Figure 2: ARCHER vs ARCHER KNL: MPI to MPI process comparison

Naively reading Figure 2 you would be forgiven for saying that the KNL doesn't perform as well as the ARCHER system. On a process-process comparison (same number of MPI processes run on the two systems), the KNL system certainly seems slower.  At all the process counts, the KNL system is slower than ARCHER.

However, if instead of comparing MPI process counts we compare the number of nodes used, as shown in Figure 3, then we see a different picture. 
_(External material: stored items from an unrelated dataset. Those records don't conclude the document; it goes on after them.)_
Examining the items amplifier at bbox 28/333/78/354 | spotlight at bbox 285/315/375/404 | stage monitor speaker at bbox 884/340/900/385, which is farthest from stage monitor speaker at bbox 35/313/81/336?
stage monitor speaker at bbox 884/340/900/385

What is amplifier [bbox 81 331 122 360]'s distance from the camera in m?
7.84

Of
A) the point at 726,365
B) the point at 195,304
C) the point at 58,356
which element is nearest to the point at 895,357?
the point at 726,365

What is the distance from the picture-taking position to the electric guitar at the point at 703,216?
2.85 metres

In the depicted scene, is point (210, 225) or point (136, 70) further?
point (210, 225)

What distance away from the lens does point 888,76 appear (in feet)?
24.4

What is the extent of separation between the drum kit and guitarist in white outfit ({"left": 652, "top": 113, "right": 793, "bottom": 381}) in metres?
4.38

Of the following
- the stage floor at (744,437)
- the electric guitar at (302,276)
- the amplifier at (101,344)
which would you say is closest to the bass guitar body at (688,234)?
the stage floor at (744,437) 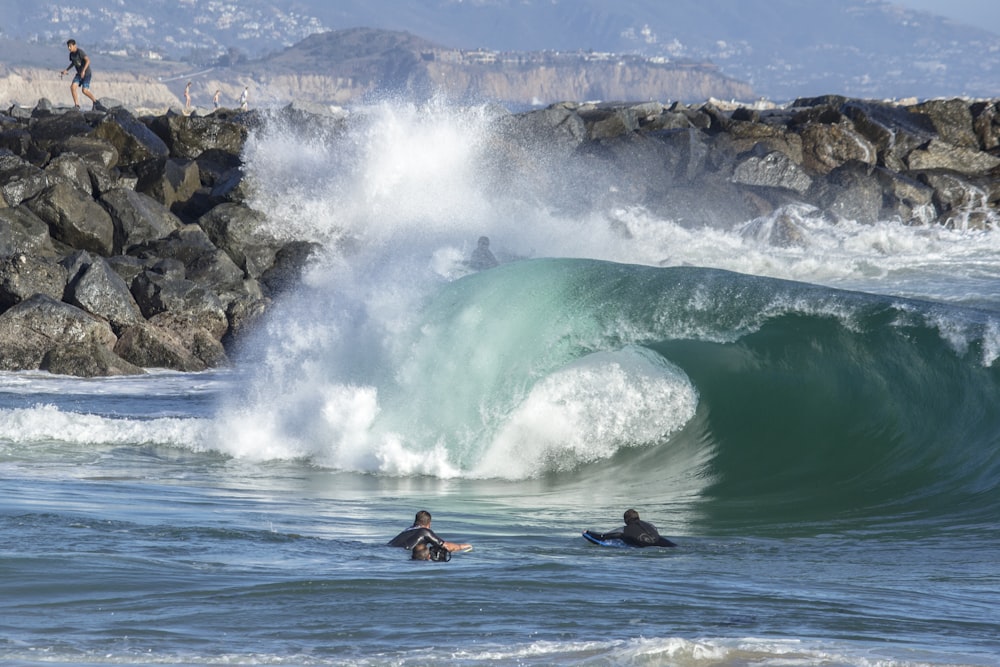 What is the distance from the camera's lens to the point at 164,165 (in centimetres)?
2423

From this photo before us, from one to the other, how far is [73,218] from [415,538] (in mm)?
14413

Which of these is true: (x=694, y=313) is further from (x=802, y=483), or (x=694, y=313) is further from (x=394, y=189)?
(x=394, y=189)

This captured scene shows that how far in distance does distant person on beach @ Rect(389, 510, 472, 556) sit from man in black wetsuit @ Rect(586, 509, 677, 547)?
0.94 m

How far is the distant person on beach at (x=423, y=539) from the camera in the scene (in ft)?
27.3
Now, the KNL system outperforms the standard ARCHER nodes. The KNL system has 64 cores per node, the ARCHER system has 24 cores per node. Each MPI process is slower on the KNL system than the standard ARCHER nodes, but the fact that there are nearly 3x more cores in the KNL node mean we can complete simulations faster on the KNL system for the same number of nodes when compared to the multi-core system.

 

Figure 3: ARCHER vs ARCHER KNL: node to node comparison

This also seems to be a better way of comparing performance for this case because on ARCHER we charge on a node allocation basis, not by numbers of MPI processes or threads used, and the energy used to complete my simulation is much more strongly related to the number of nodes I used rather than what I fill those nodes with. As energy consumed by the application is a large part of the cost of running that application, this node-to-node comparison seems to be a better way of comparing performance. 

Node to node, hardware to hardware

It also allows comparing different kinds of hardware, GPUs to manycore nodes, multi-core to GPUs, etc...  Comparing a node to a node seems to be a fair way for most situations.   Having said that, there is hardware/setup that breaks this fairness. NVIDIA's DGX-1 server  can be considered a single node, but contains 8 GPUs and probably consumes a lot more energy that a single KNL node or a standard multi-core node. 

Likewise, Google's TPU processor can do neural network simulations much quicker than GPU or multi-core processors, and for a much smaller amount of energy.  However, it's not general purpose and can't run a whole range of different applications, so maybe it's not a fair comparison either.

Therefore, when we're doing these comparisons we probably want to evaluate the energy consumed by the nodes to see if they are similar enough to allow comparison, and also the range of applications they will run. Possibly also the effort required to port to them would be good to consider, although this is hard to objectively evaluate. 

Whatever, some careful thought is needed when doing anything other than comparing two different versions of the same application on the same hardware with the same test case.  Even then, it's worth thinking about what performance you are really interested in (and usually it's actually time to solution rather than scaling or some other metric like that) and how you can fairly demonstrate what has been achieved.